A shoe phone is a communications device concealed in an ordinary shoe. It was a famous gadget in the 1960s TV spy spoof Get Smart. The joke was that the shoe phone, like many gadgets in the show, was highly impractical and hardly secret. Various real shoe phones have been created, most in imitation of the Get Smart device. In 2008, an Australian engineer created a real shoe phone as a joke, before realizing it had practical medical applications.
During the 1960s, the success of the James Bond books and films inspired a worldwide craze for high-tech, fanciful spy thrillers. In 1965, famed comedy writers Mel Brooks and Buck Henry launched Get Smart, which ran until 1970 and has been revived periodically ever since. Agent Maxwell Smart, originally played by actor Don Adams, was clueless and inept, unlike his big-screen counterparts. In the films, James Bond was famous for his wide array of high-tech gadgets. Maxwell Smart had his own gadgets, most of which were unnecessary, impractical, or obvious and sometimes all three.

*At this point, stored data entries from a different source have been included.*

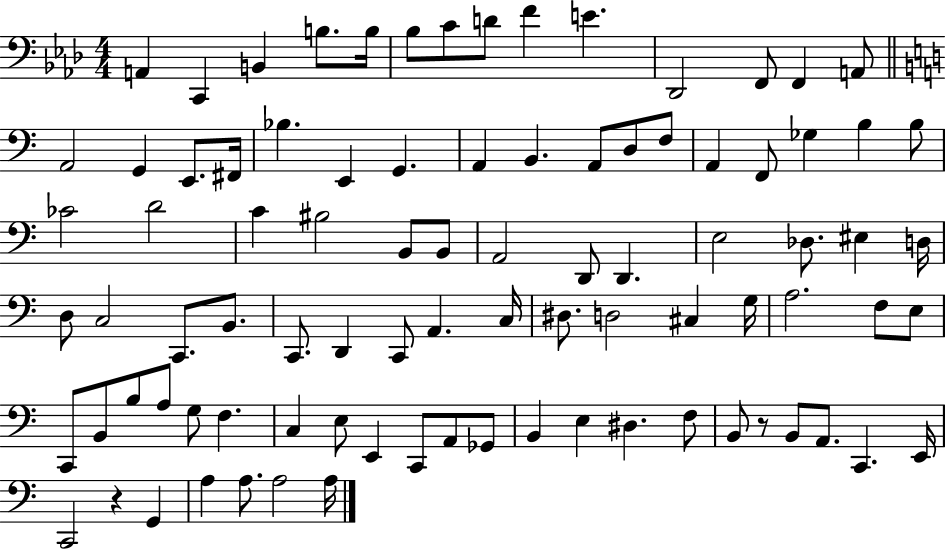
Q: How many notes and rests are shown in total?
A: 89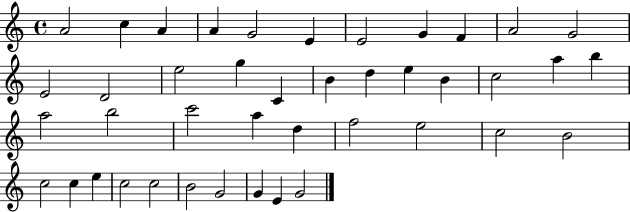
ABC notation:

X:1
T:Untitled
M:4/4
L:1/4
K:C
A2 c A A G2 E E2 G F A2 G2 E2 D2 e2 g C B d e B c2 a b a2 b2 c'2 a d f2 e2 c2 B2 c2 c e c2 c2 B2 G2 G E G2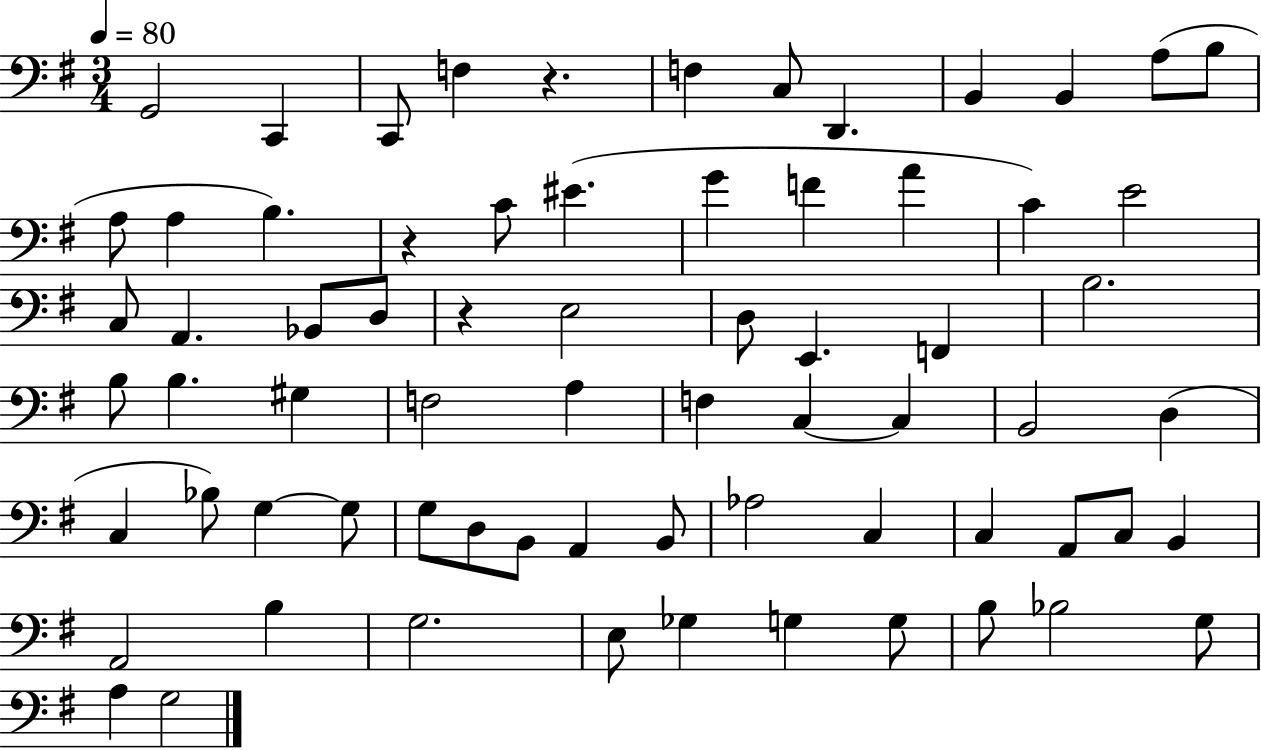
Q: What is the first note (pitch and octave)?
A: G2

The most famous of these was the shoe phone, which Smart used to communicate with his supervisor, the Chief. Unfortunately, the phone had a tendency to ring at inopportune times, and Smart had to take off the shoe to speak into it, causing many comic situations. Ironically, the shoe phone had a real-life counterpart: a miniaturized transmitter in a shoe that was used by Soviet KGB agents during the Cold War. It was actually a bug, or concealed microphone, rather than a working telephone. It is not known if the KGB technicians were fans of Get Smart.

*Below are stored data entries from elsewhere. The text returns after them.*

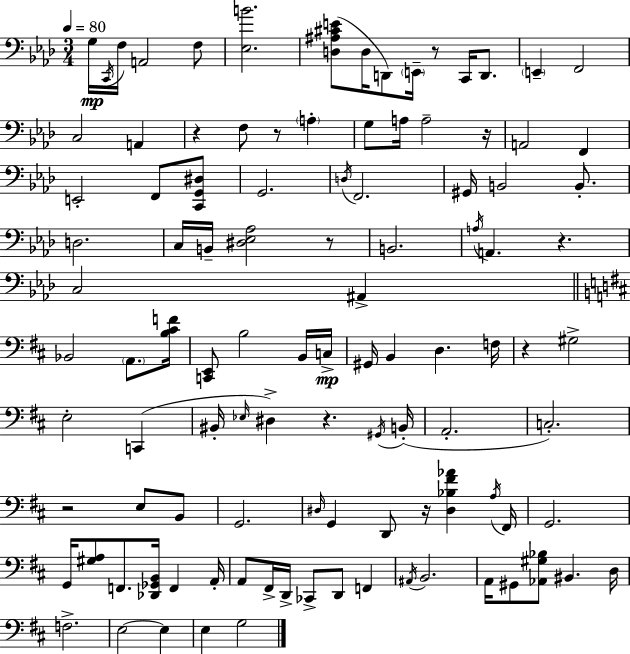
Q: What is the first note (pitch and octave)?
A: G3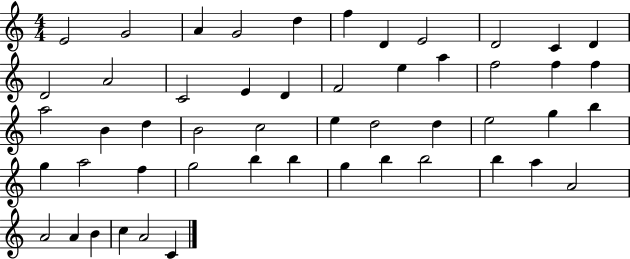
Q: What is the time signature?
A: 4/4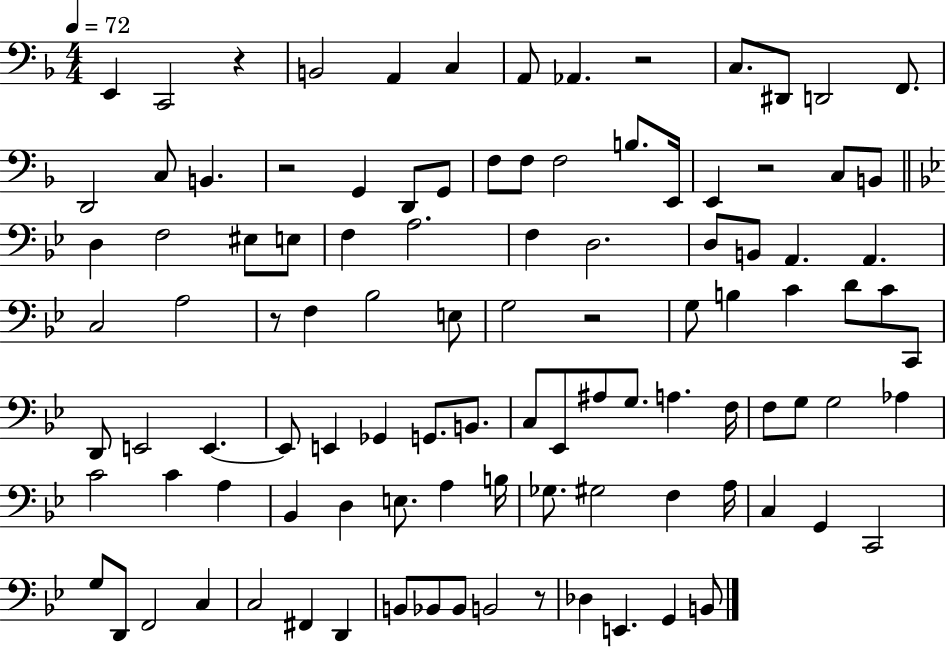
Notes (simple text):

E2/q C2/h R/q B2/h A2/q C3/q A2/e Ab2/q. R/h C3/e. D#2/e D2/h F2/e. D2/h C3/e B2/q. R/h G2/q D2/e G2/e F3/e F3/e F3/h B3/e. E2/s E2/q R/h C3/e B2/e D3/q F3/h EIS3/e E3/e F3/q A3/h. F3/q D3/h. D3/e B2/e A2/q. A2/q. C3/h A3/h R/e F3/q Bb3/h E3/e G3/h R/h G3/e B3/q C4/q D4/e C4/e C2/e D2/e E2/h E2/q. E2/e E2/q Gb2/q G2/e. B2/e. C3/e Eb2/e A#3/e G3/e. A3/q. F3/s F3/e G3/e G3/h Ab3/q C4/h C4/q A3/q Bb2/q D3/q E3/e. A3/q B3/s Gb3/e. G#3/h F3/q A3/s C3/q G2/q C2/h G3/e D2/e F2/h C3/q C3/h F#2/q D2/q B2/e Bb2/e Bb2/e B2/h R/e Db3/q E2/q. G2/q B2/e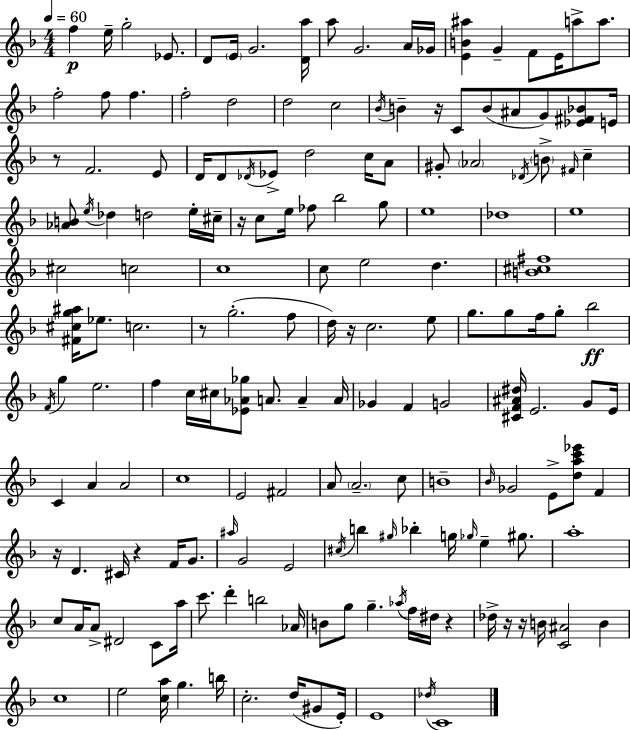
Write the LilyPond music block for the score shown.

{
  \clef treble
  \numericTimeSignature
  \time 4/4
  \key f \major
  \tempo 4 = 60
  f''4\p e''16-- g''2-. ees'8. | d'8 \parenthesize e'16 g'2. <d' a''>16 | a''8 g'2. a'16 ges'16 | <e' b' ais''>4 g'4-- f'8 e'16 a''8-> a''8. | \break f''2-. f''8 f''4. | f''2-. d''2 | d''2 c''2 | \acciaccatura { bes'16 } b'4-- r16 c'8 b'8( ais'8 g'8) <ees' fis' bes'>8 | \break e'16 r8 f'2. e'8 | d'16 d'8 \acciaccatura { des'16 } ees'8-> d''2 c''16 | a'8 gis'8-. \parenthesize aes'2 \acciaccatura { des'16 } \parenthesize b'8-> \grace { fis'16 } | c''4-- <aes' b'>8 \acciaccatura { e''16 } des''4 d''2 | \break e''16-. cis''16-- r16 c''8 e''16 fes''8 bes''2 | g''8 e''1 | des''1 | e''1 | \break cis''2 c''2 | c''1 | c''8 e''2 d''4. | <b' cis'' fis''>1 | \break <fis' cis'' g'' ais''>16 ees''8. c''2. | r8 g''2.-.( | f''8 d''16) r16 c''2. | e''8 g''8. g''8 f''16 g''8-. bes''2\ff | \break \acciaccatura { f'16 } g''4 e''2. | f''4 c''16 cis''16 <ees' aes' ges''>8 a'8. | a'4-- a'16 ges'4 f'4 g'2 | <cis' f' ais' dis''>16 e'2. | \break g'8 e'16 c'4 a'4 a'2 | c''1 | e'2 fis'2 | a'8 \parenthesize a'2.-- | \break c''8 b'1-- | \grace { bes'16 } ges'2 e'8-> | <d'' a'' c''' ees'''>8 f'4 r16 d'4. cis'16 r4 | f'16 g'8. \grace { ais''16 } g'2 | \break e'2 \acciaccatura { cis''16 } b''4 \grace { gis''16 } bes''4-. | g''16 \grace { ges''16 } e''4-- gis''8. a''1-. | c''8 a'16 a'8-> | dis'2 c'8 a''16 c'''8. d'''4-. | \break b''2 aes'16 b'8 g''8 g''4.-- | \acciaccatura { aes''16 } f''16 dis''16 r4 des''16-> r16 r16 b'16 | <c' ais'>2 b'4 c''1 | e''2 | \break <c'' a''>16 g''4. b''16 c''2.-. | d''16( gis'8 e'16-.) e'1 | \acciaccatura { des''16 } c'1 | \bar "|."
}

Various real shoe phones have been created in the years since Get Smart ceased production. Some have simply been telephone handsets in the shape of high-heel shoes and the like. Others were created as memorabilia for the TV series or the 2008 Get Smart film. In 2005, wealthy basketball star Shaquille O’Neal had a cellphone incorporated into one of his oversized sneakers. Most of these did not function as both shoes and phones; O’Neal broke his cellphone when he tried to walk on it.

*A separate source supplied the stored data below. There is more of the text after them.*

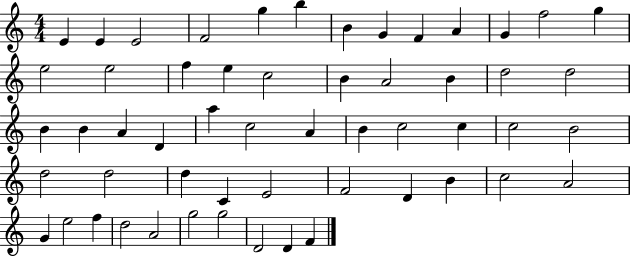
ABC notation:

X:1
T:Untitled
M:4/4
L:1/4
K:C
E E E2 F2 g b B G F A G f2 g e2 e2 f e c2 B A2 B d2 d2 B B A D a c2 A B c2 c c2 B2 d2 d2 d C E2 F2 D B c2 A2 G e2 f d2 A2 g2 g2 D2 D F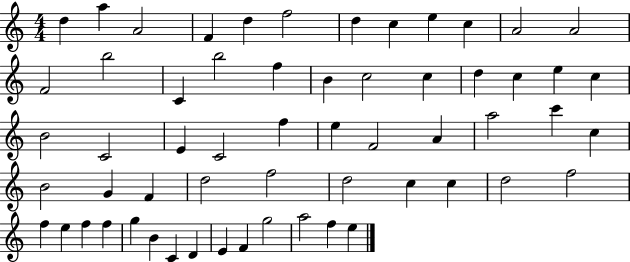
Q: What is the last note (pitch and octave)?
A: E5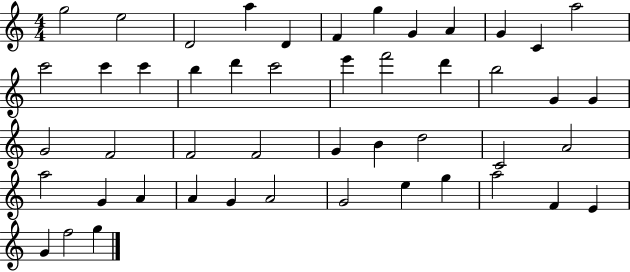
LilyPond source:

In 2008, Australian engineer Paul Gardner-Stephen created a working shoe phone by incorporating cellphone circuitry into a dress shoe. Gardner-Stephen was a fan of Get Smart, and the device was created as a lark. He soon realized, however, that it had practical applications as a medical device. It could be integrated with technology to detect falls or other medical crises and remotely alert emergency personnel. An Australian medical school explored the shoe phone’s use with elderly patients, who may be reluctant or careless regarding most technological devices, but are unlikely to forget to put on their shoes.